• **AIM OF THE TASK**: Copy out the entries below exactly as they stand, but only from the line containing "Obrázek krytu krbu" through the line containing "LED Ściemnialna zewnętrzna".

··· SOURCE DATA ···

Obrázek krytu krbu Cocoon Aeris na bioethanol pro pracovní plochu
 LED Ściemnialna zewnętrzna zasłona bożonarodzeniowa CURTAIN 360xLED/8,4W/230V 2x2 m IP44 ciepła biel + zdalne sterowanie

···
··· SOURCE DATA ···

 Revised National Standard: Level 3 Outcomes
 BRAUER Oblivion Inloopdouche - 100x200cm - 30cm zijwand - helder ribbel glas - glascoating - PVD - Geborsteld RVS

···

• **YOUR SOLUTION**:
Obrázek krytu krbu Cocoon Aeris na bioethanol pro pracovní plochu
 LED Ściemnialna zewnętrzna zasłona bożonarodzeniowa CURTAIN 360xLED/8,4W/230V 2x2 m IP44 ciepła biel + zdalne sterowanie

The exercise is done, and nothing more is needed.